出井伸之「日本はアジアの真価をわかってない」 古希にして起業、83歳元ソニーCEOが語る未来
長田:いまだにソニーの話をして恐縮ですが、同社は2021年3月期に過去最高益を更新する見通しです。ちなみに、現在、ソニーのCEOを務める吉田憲一郎さんは、 出井社長時代に社長室長を務め、出井さんの経営を傍らで見てこられたわけです。ソニーについてコメントしないということですが、現在のソニーのビジネスモデルを見ていると、出井さんが最近、強調されている「立体化」と一致するところがありますね。
出井:ソニーと結び付けているわけではなく、日本の中小企業にもその戦略を提唱しています。
そこで、「XYZとABC」の概念に触れておきたいと思います。現在の延長線上で展開していくのが「XYZ」で、変革が「ABC」。企業では、いつも両者がせめぎ合っています。
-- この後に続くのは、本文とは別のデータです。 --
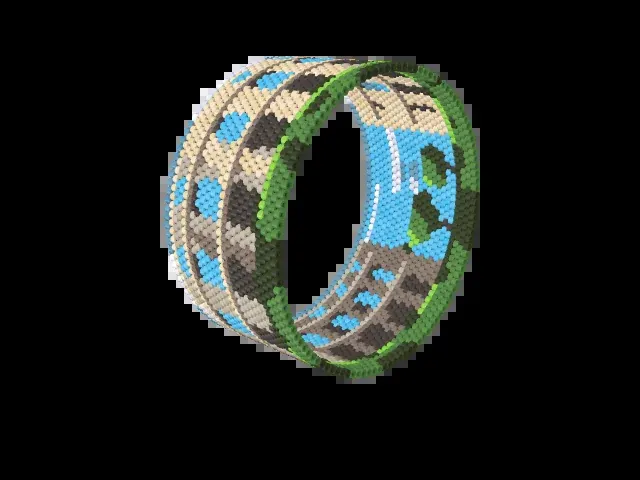 Pula Arena bead bracelet pattern preview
すると、ほとんどの場合、「XYZ」から変革が起こり「ABC」が生まれる。そしてまた、「ABC」が成熟化し「XYZ」になれば、そこから、また、新たな「ABC」が発生するというスパイラルが生じるわけです。
これを具体的に表現したのが「立体化」です。この概念を中小企業の経営者や後継者にアドバイスしています。親父さんが持っている庭があったら、そこに新しい家を建てればいい。お客さんは、庭のある場所を知っているから、新しい家を見てみようと、そこへ集まってくる。お店の場合だと、別に新しくお客さんを取らなくても、親父さんが取り引きしていたお客さんに対して、新しい製品やサービスを提供すればいいのです。
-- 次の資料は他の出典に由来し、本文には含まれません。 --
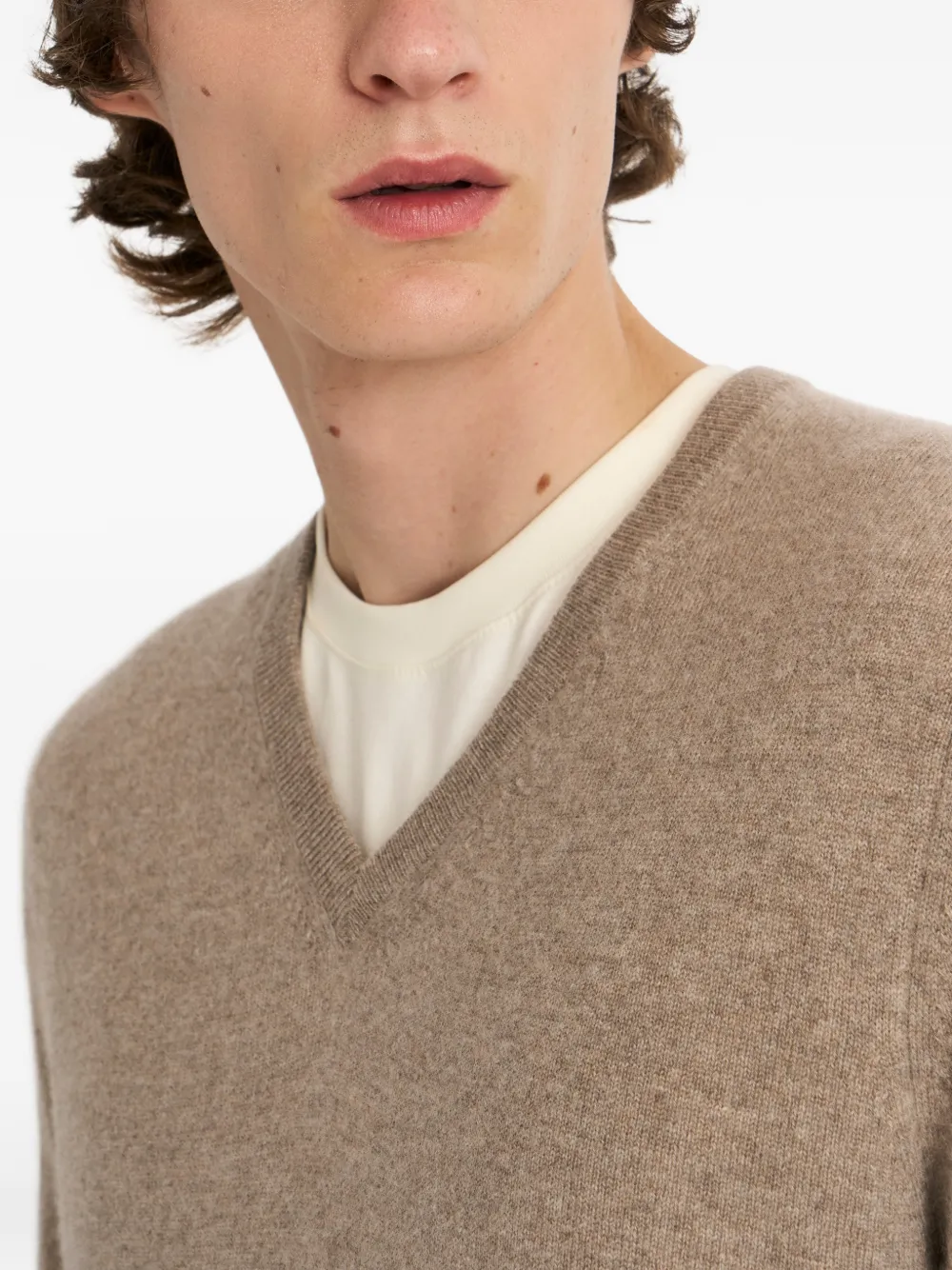 Pringle of Scotland Trui met V-hals Beige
長田:親とまったく違う事業を展開する場合でも、これまで培ってきた経営資源を承継するのにとどまらず、応用しないのはもったいないですね。老舗が持つ暖簾(のれん)の効用にも通じます。
芯を残しながらそれをどう新しく使っていくか
出井:この前、(ようかんで知られる)虎屋の黒川光晴(社長)さんとお会いしたとき、「きちんと芯は残しながら、それをどう新しく使っていくか、伝えていくか、という意識を持っていなくてはいけない」とおっしゃっていました。「XYZ」は巻紙みたいになっているんです。ABCへ大転換するときも、重なるところがあるわけです。だから何を残して何を新しくするかというのは、後継者がやる重要な仕事ですね。親のやることをそのまま継いでやっているだけでは先細りします。
日本は100年企業、200年企業が世界でいちばん多い国です。伝統のすばらしさだけではなく、一代に1つイノベーションを実現する、自分のファミリーから1人しか入れない、など、長寿を可能にするためにいろいろな工夫をしているのです。だからこそ、中国などは、日本の長く続いる企業、老舗に憧れており、その工夫に大変興味を持っています。